You already see that the IP 221.181.185.19 was banned, but you might check further detaisl

cscli alerts inspect 18

################################################################################################

 - ID         : 18
 - Date       : 2021-05-22T09:28:32+02:00
 - Machine    : 143077311f7740eca31f1b88932cf8b2D94OFapOYkL9k8Tg
 - Simulation : false
 - Reason     : crowdsecurity/ssh-bf
 - Events Count : 13
 - Scope:Value: Ip:221.181.185.19
 - Country    : CN
 - AS         : China Mobile communications corporation

 - Active Decisions  :
+-----+-------------------+--------+--------------------+---------------------------+
| ID  |    SCOPE:VALUE    | ACTION |     EXPIRATION     |        CREATED AT         |
+-----+-------------------+--------+--------------------+---------------------------+
| 729 | Ip:221.181.185.19 | ban    | 2h39m15.380012907s | 2021-05-22T09:28:32+02:00 |
+-----+-------------------+--------+--------------------+---------------------------+

The crowd aspect

As mentioned in the beginning the cool thing about this project is the crowd aspect.
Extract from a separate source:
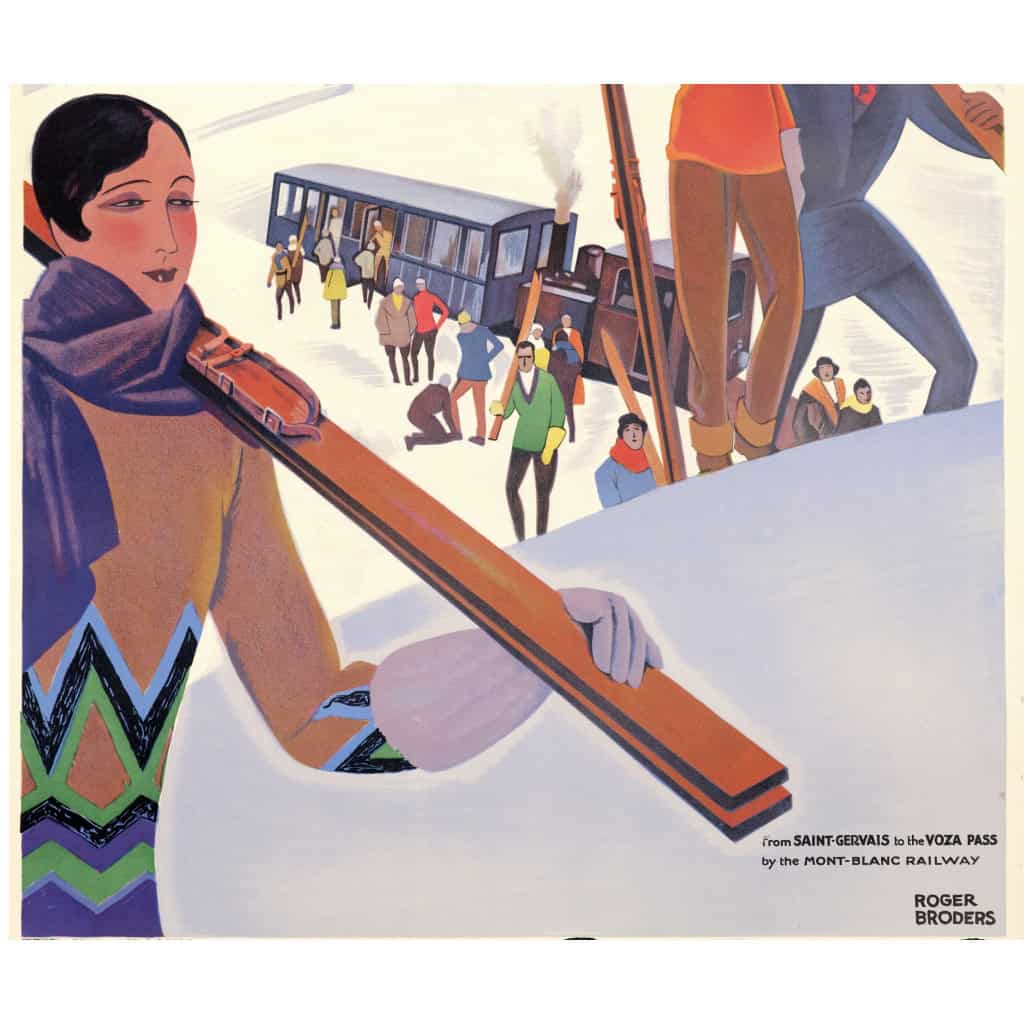 Affiche Art Déco Originale, Roger Broders, Winter Sports in the French Alps, Voyage, Transport, Tourisme, Hiver, Montagne, Massif, Mont-Blanc, Alpes, Neige, Alpin, Piste, Ski, Skieur, Train, PLM, Paris, Lyon, Méditerranée, Savoie, Col de Voza, 1929 7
For every alert with it’s associated decisions, the meta information about the alert are shared with our central api :

  • The source ip that triggered the alert
  • The scenario that was triggered
  • The timestamp of the attack

After processing the information in the central hub, the information is redistribute relevant blocklists to all the participants.

What else?

There is much more to it, for example there is a dashboard, metrics that can be managed with prometheus and a forensic mode. Also are there a lot of more interesting scenarios, especially also in conjunction with e.g. nginx. But for now that’s it, you have already a pretty good idea how cool that project is.